RMB, can you tell me how many companies have ever been delisted (due to non-compliance of stock price), and then emerged with a favorable sale to a buyer?
JRoon, you tasked me with a job that is like finding a needle in a haystack. No arguing your point there.
I never said BP was interested currently. A lot of ifs in my commentary. If the business stays in the same doldrums as it is now, delisting or not delisting, RS or not RS, is not going to save Amarin. We are on the same page in relation to this.
What I have a hard time to understand is when you say automatically that:
Amarin would not be in any position to negotiate a meaningful price for shareholders if they got delisted.
Have you never met or heard of any private companies selling for a favorable price? In my lifetime I sold 3 companies that I deemed a favorable transaction not listed on any exchange. How does being listed change the value of a company?

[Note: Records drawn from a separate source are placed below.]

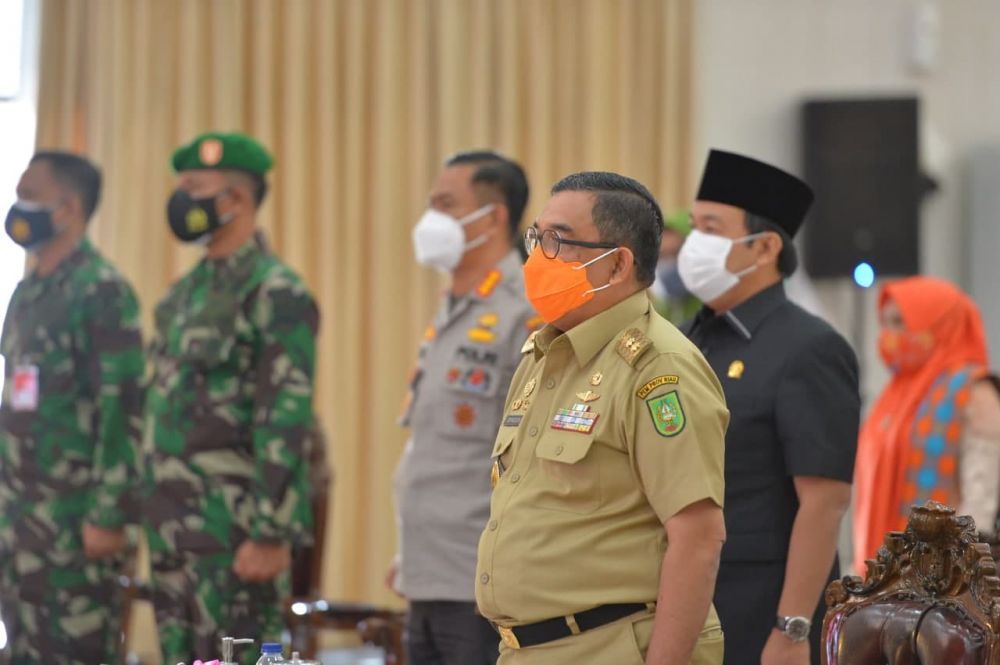 Wagubri Jelaskan Inflasi Riau Saat Rakorwil TPID Provinsi Se-Sumatera
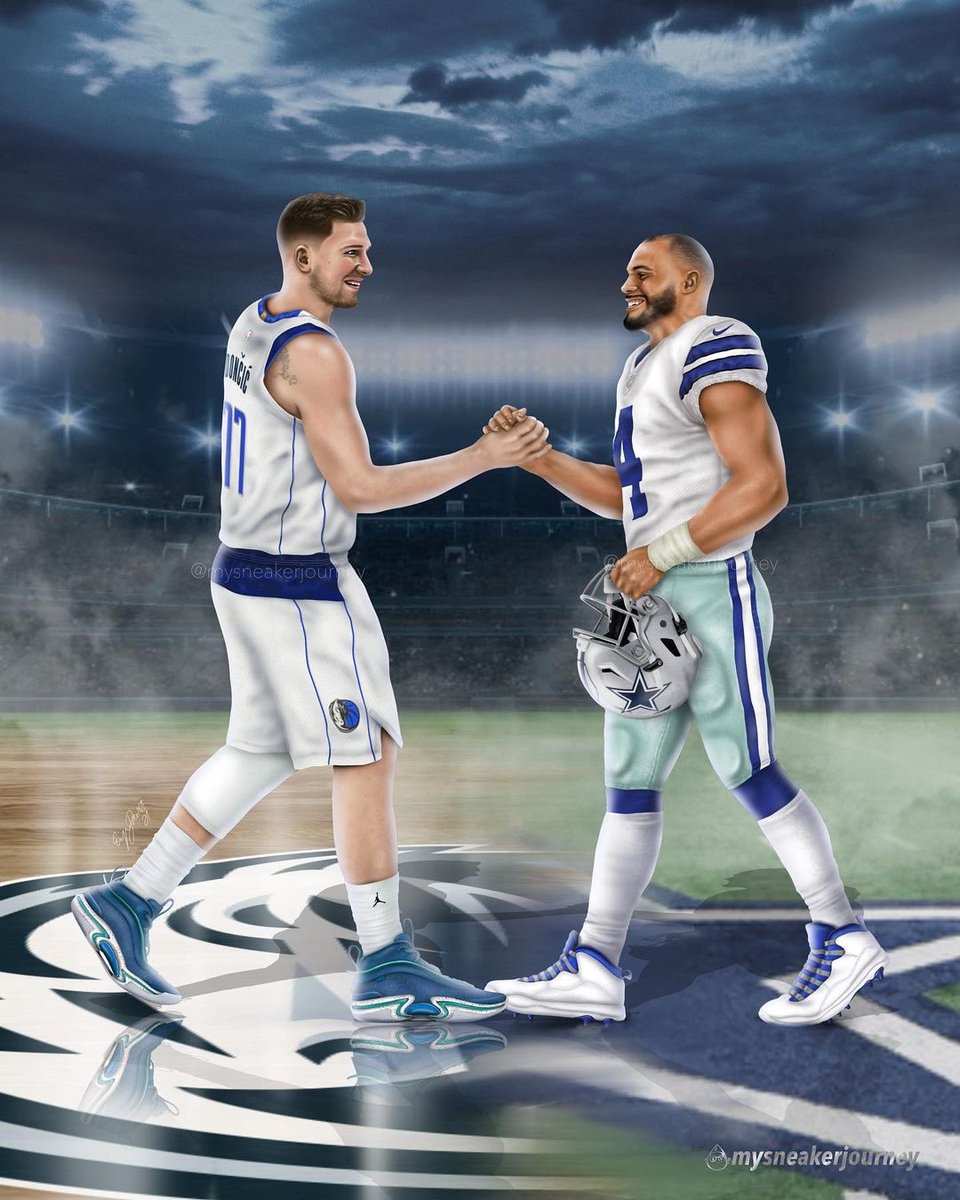 Let’s get it, <a href="/dallascowboys/">Dallas Cowboys</a> 🤠 #MFFL

(🎨 mysneakerjourney on IG)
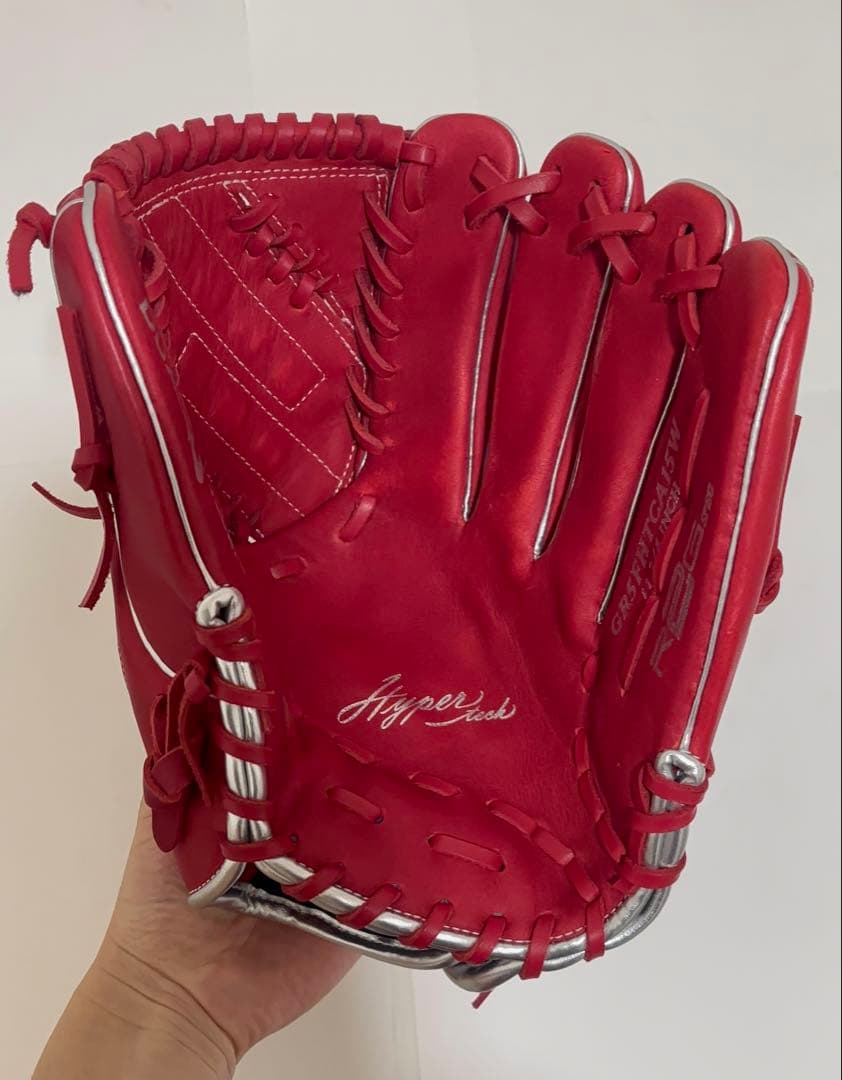 ローリングス　投手用軟式グローブ　赤色 【定価】19,800円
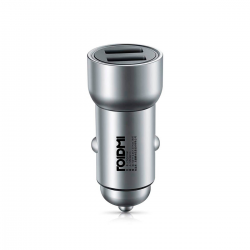 АЗП Xiaomi RoidMi Dual USB Car Charger С1 (3.6A/18W, 2USB) Silver (1A100CNA/1A100OVA) Фото АЗП Xiaomi RoidMi Dual USB Car Charger С1 (3.6A/18W, 2USB) Silver (1A100CNA/1A100OVA)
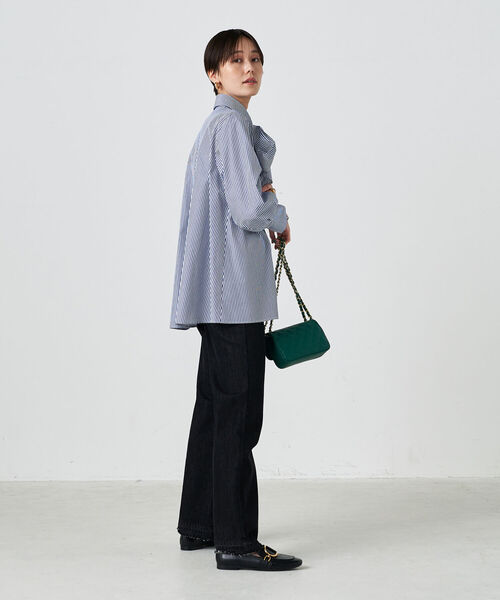 NOLLEY’S(ノーリーズ)の「◇【WEB限定】ボウタイ付きフレアシャツ(シャツ/ブラウス・レディース・オフホワイト/サックスブルー/ベビーピンク/ブルー系その他7・38)」の14枚目の写真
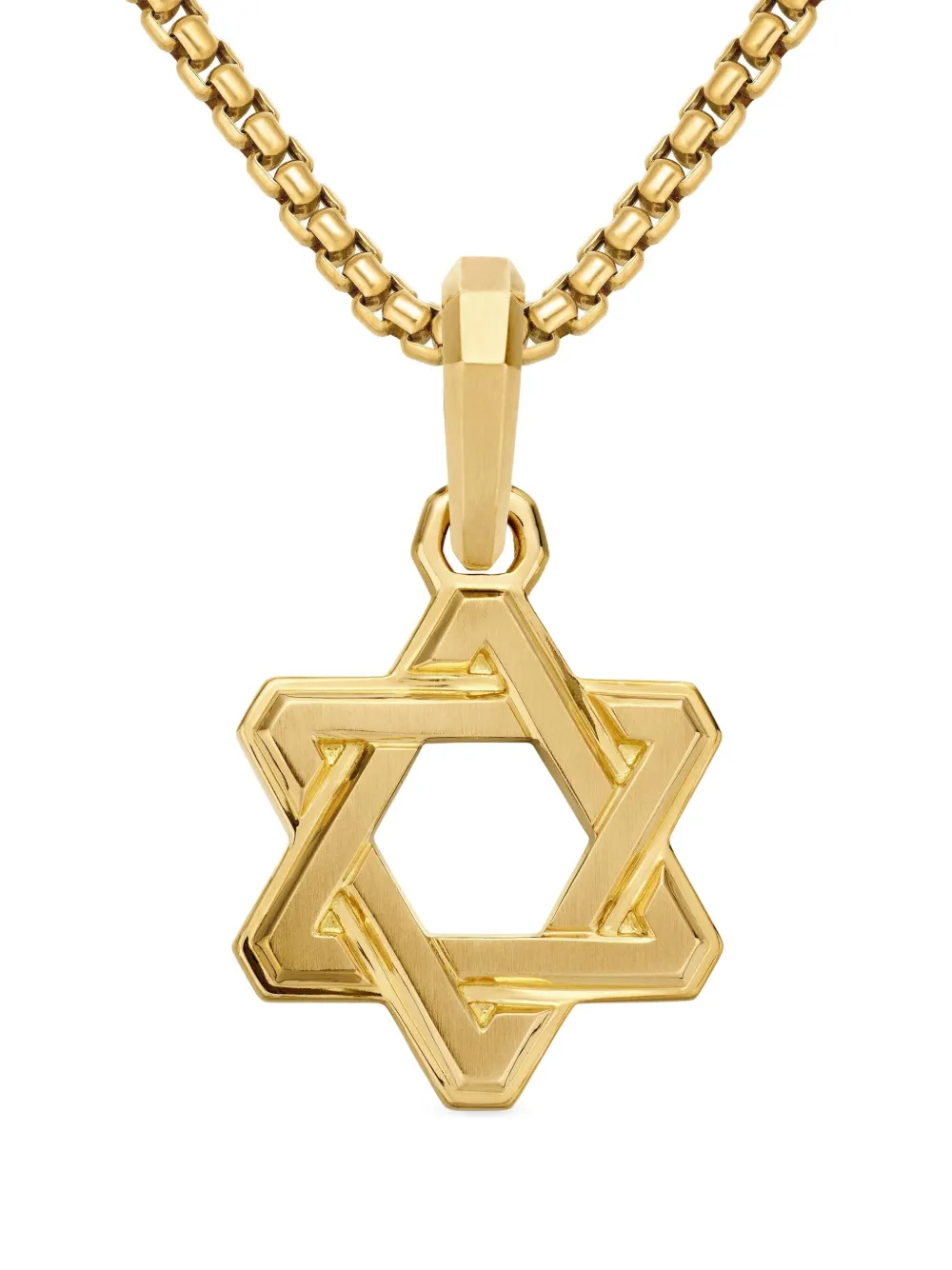 David Yurman Deco Star of David ペンダント 24mm 18Kイエローゴールド - ゴールドトーン David Yurman Deco Star of David ペンダント 24mm 18Kイエローゴールド - ゴールドトーン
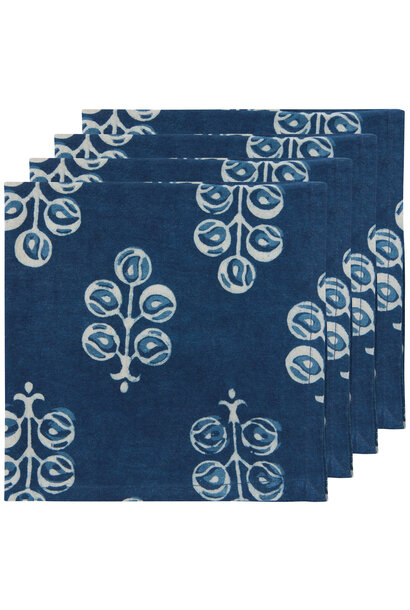 Hawthorn Block Print Napkin Set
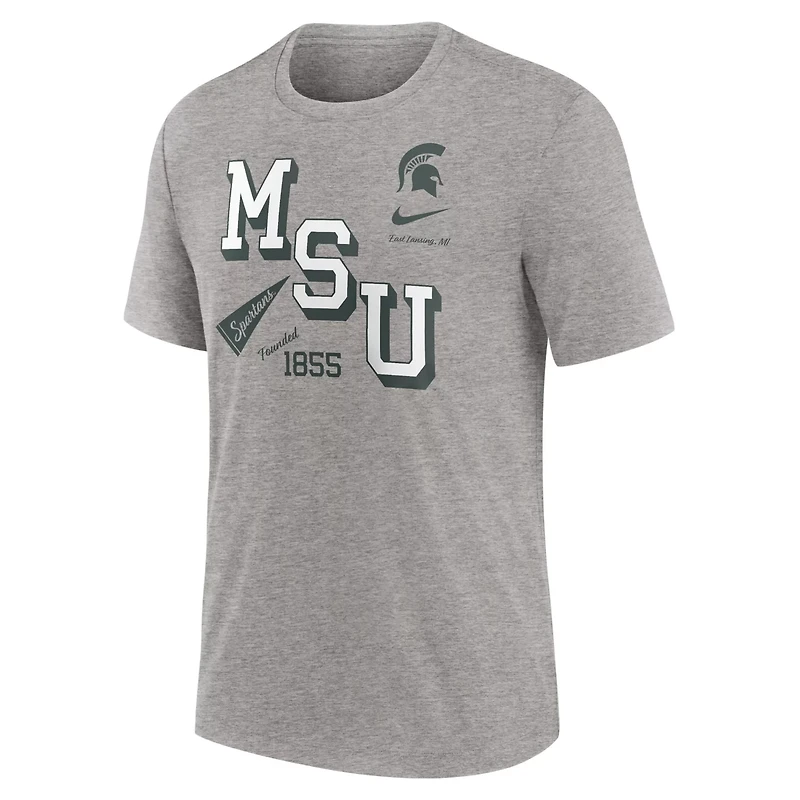 Nike Michigan State Spartans Blitz Roll Call Tri-Blend T-Shirt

My concern with a RS is what many (let me say some instead of many) here may echo. A 1 for 10 RS gets the stock price up to $5. Then the stock price gets driven back down again towards $1. Sure, might not happen, but it happens quite often. Then BP offers $5 and we long term holders are really back to selling our shares for 50 cents. Of course Amarin could refuse to sell at that price AND if the business is starting to boom then sure maybe we get a better deal one day.
Not sure if people realize Amarin has had a couple of RS in the past. 1998 and 2008. Don't mean to bring up ancient history but wanted to see the all-time high and was expecting to see $20-something and got surprised). If we do another 1:10, then when stock charts are adjusted for the split our all-time high will be 10 times higher.